Vemos primero esa lucha épica, que tiene lugar en su agonía en el huerto de Getsemaní, donde Jesús literalmente suda sangre ante sus opciones, esto es, manteniéndose firme ante toda forma de oposición, odio, ignorancia y malentendido: él debe decidir si entregarse a sí mismo en confianza o huir en autoseguridad. Elige lo primero y -nos dicen- entonces es confortado por una presencia divina.
Pero la aceptación no quiere decir exactamente total rendición; y, al siguiente día, el Viernes Santo, tiene lugar la prueba final. El ángel que le confortó en Getsemaní parece perderse de vista cuando él está en la cruz, y una aplastante noche oscura de duda lo atormenta hasta el punto de hacerle clamar con lo que aparentemente suena como desesperación: “¡Dios mío, Dios mío, por qué me has abandonado!” Su aceptación, dada a su Padre la noche anterior, en este momento crucial, se hace infinitamente más difícil por la aparente ausencia de su Padre, que, hasta ahora, había sido su verdadero aliento. Ante ese aparente abandono, Jesús tuvo que hacer una elección por fe, amor y confianza al nivel más descarnado, en extrema tiniebla. ¿Cuál es la elección? ¿Qué hace Jesús?
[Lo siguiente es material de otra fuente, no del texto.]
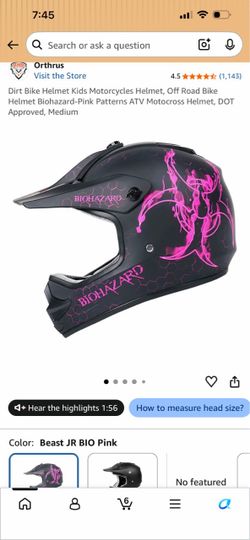 Orthrus Kids Motocross Helmet Biohazard Pink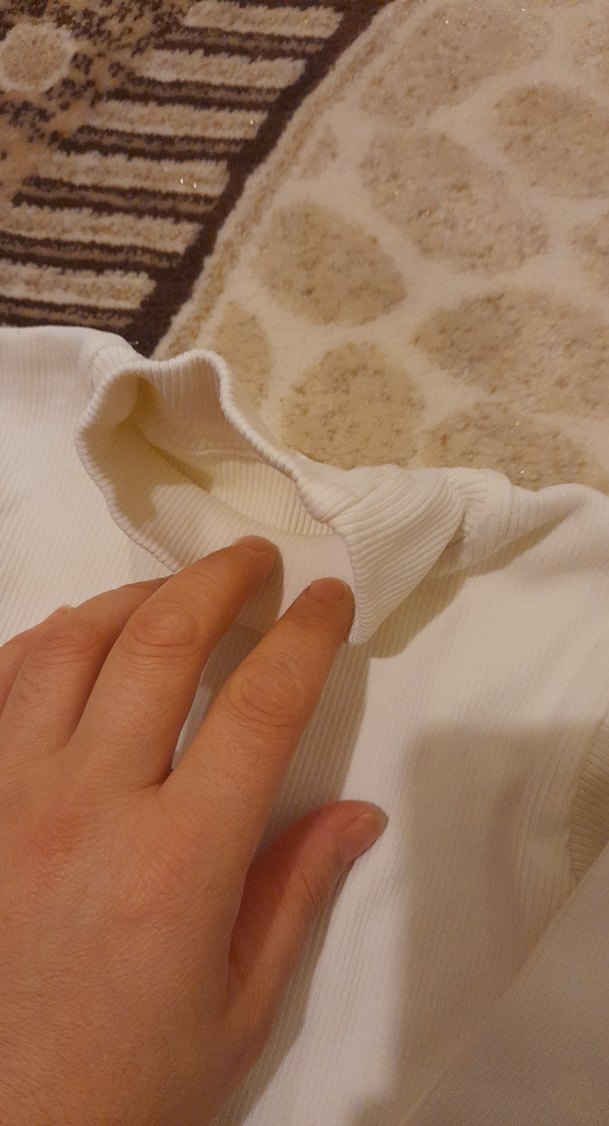 Beyaz  cocuk Triko Balıkçı Yaka Kazak - Görsel 2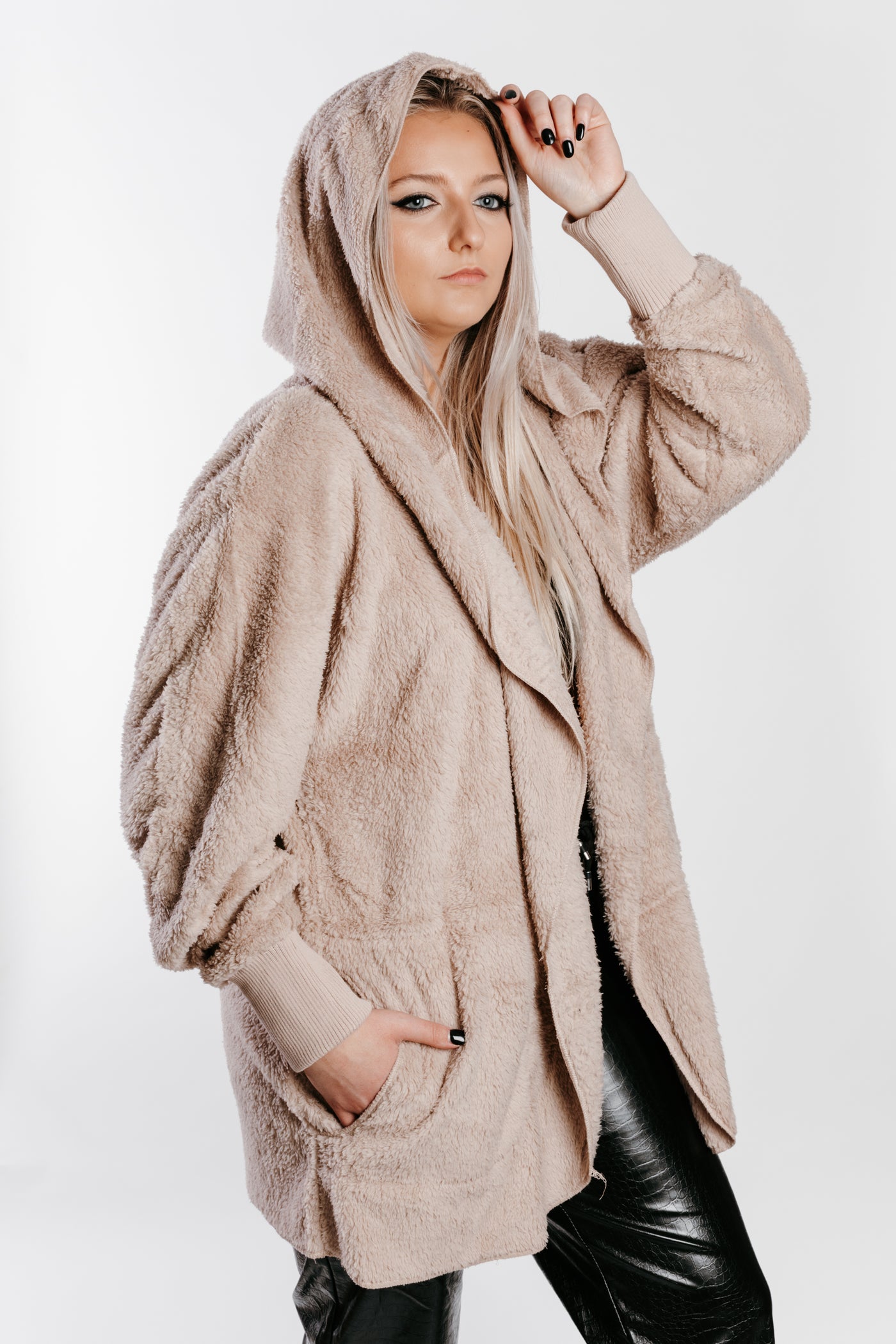 Teddy Hooded Cardigan - Taupe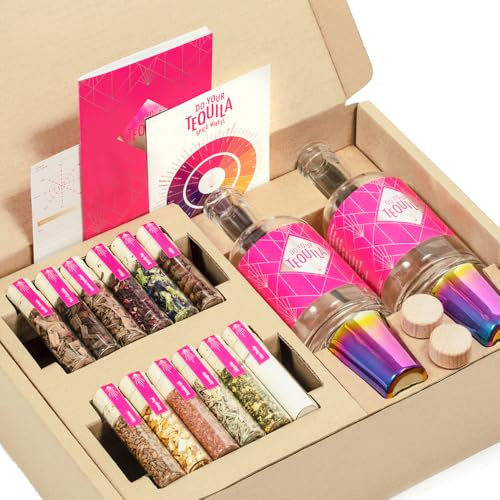DO YOUR TEQUILA – DIY Infusion Kit für Tequila-Kreationen | 12 Botanicals, Gewürze & Kräuter | Geschenk-Set für Tequila-Liebhaber mit Shotgläsern und Rezeptideen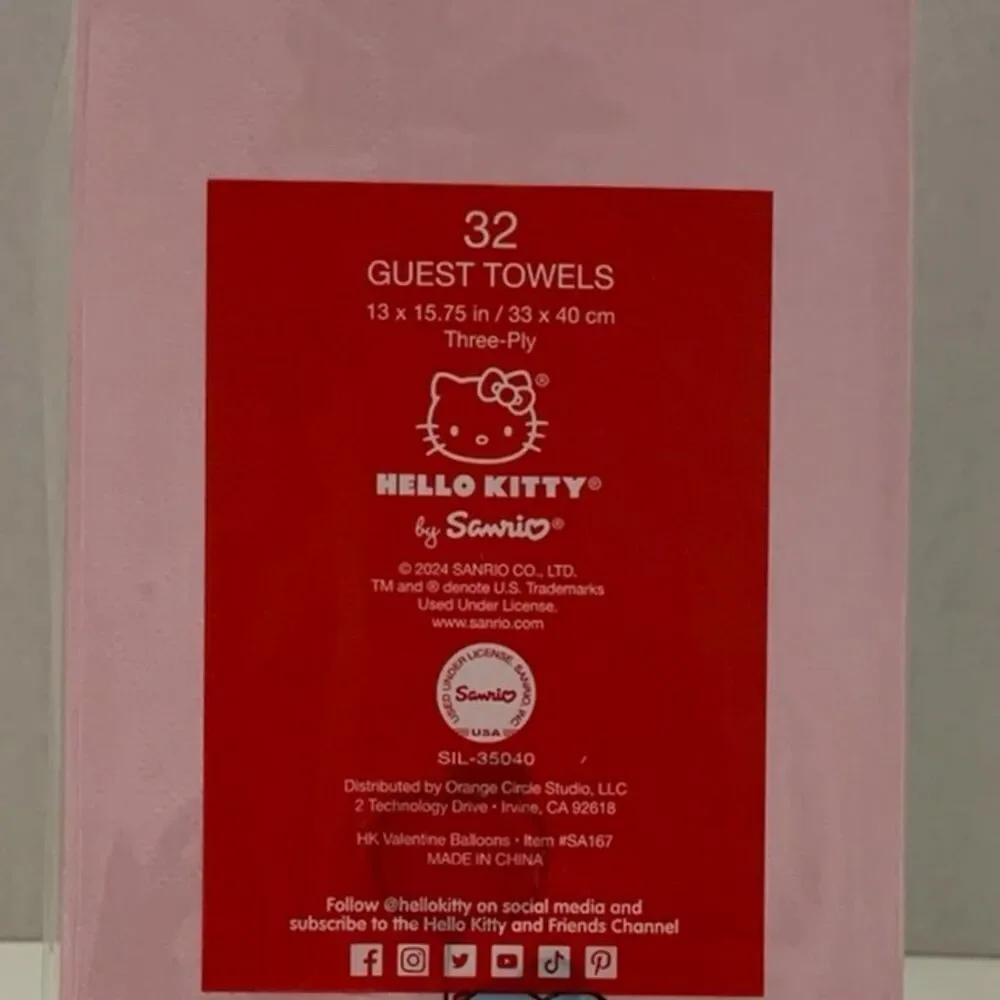 Hello Kitty Love is in the Air Napkins 32 Pack Decorative Guest Towels Sanrio
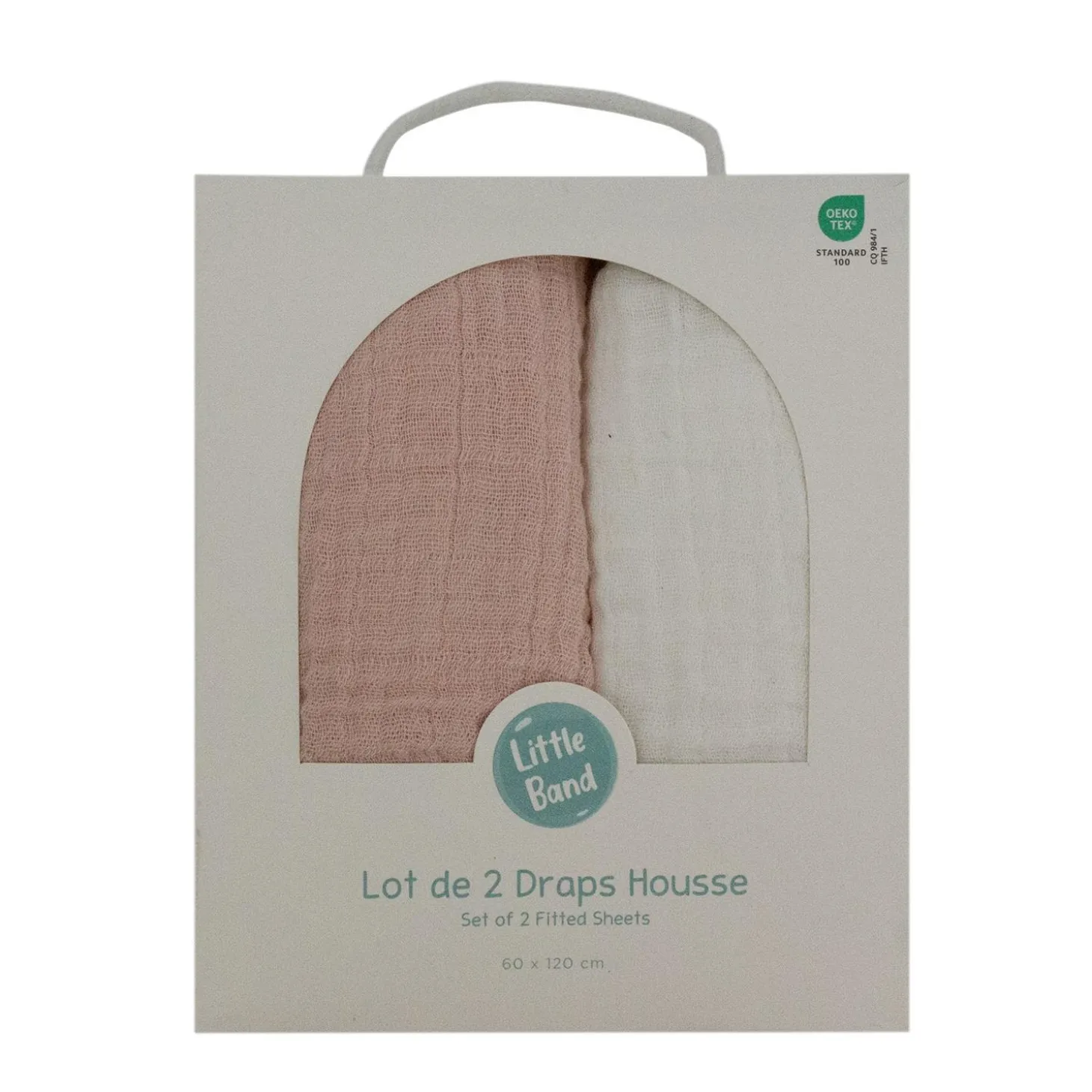 Little Band Lot de 2 Draps Housse Double Gaze Écru/Vieux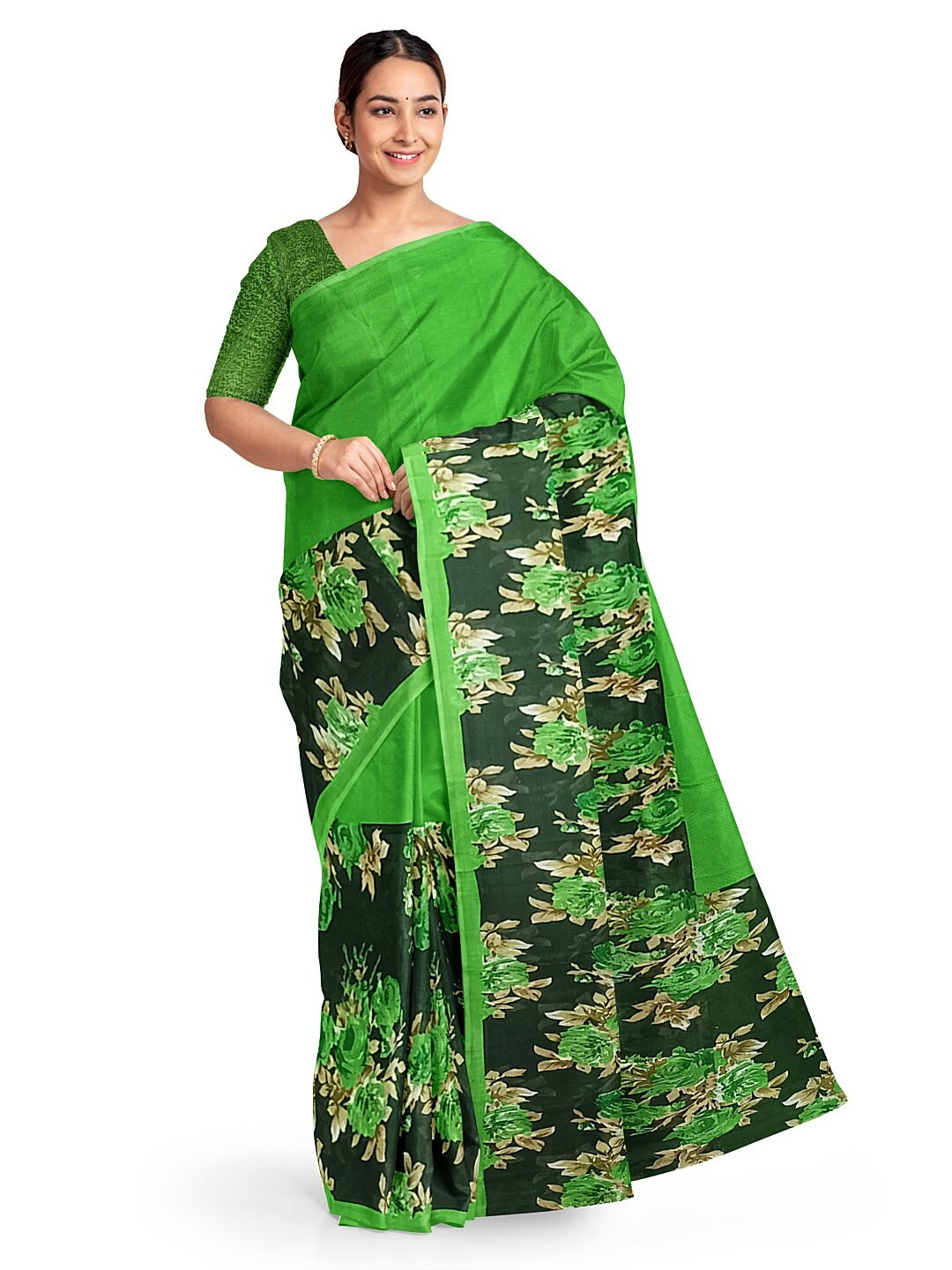 SAADHVI Green & Beige Floral Georgette Fusion Dharmavaram Saree With Unstithed Blouse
En palabras de Karl Rahner, Jesús se permite “hundirse en la incomprensibilidad de Dios”. Se rinde a Dios, al que no puede, en ese momento, sentir o entender, sino sólo confiar. Aquí es donde el Viernes Santo (Viernes Bueno) cambia de malo a bueno: Jesús se rinde no en amargura, avaricia o ira, sino en confianza, gratitud y perdón. En ese rendimiento, la lucha entre el bien y el mal, la más épica de las batallas, es ganada.
Al fin, todo lo malo de nuestro mundo no será derrotado por una violencia moralmente superior, no importa lo virtuosos que sean los que están haciendo la derrota. La buena violencia nunca librará al mundo de la mala violencia. Libraremos nuestro mundo de esos poderes que perennemente crucifican a Dios sólo cuando cada uno de nosotros, como Jesús, podamos permitir a nuestra amargura, avaricia e ira ceder el paso a la confianza, gratitud y perdón. Y, excepto siendo extraordinariamente favorecidos por una gracia especial, todos, como Jesús, tendremos que dejarnos hundir en la incomprensibilidad de Dios, esto es, confiando aun cuando no entendamos, amando aun cuando seamos odiados y perdonando aun cuando seamos ofendidos.
Todos nosotros tendremos nuestros Viernes Santos, no el menor en nuestra experiencia de la muerte. En total apariencia, tendrán mal aspecto; pero, si nos rendimos en confianza, serán buenos.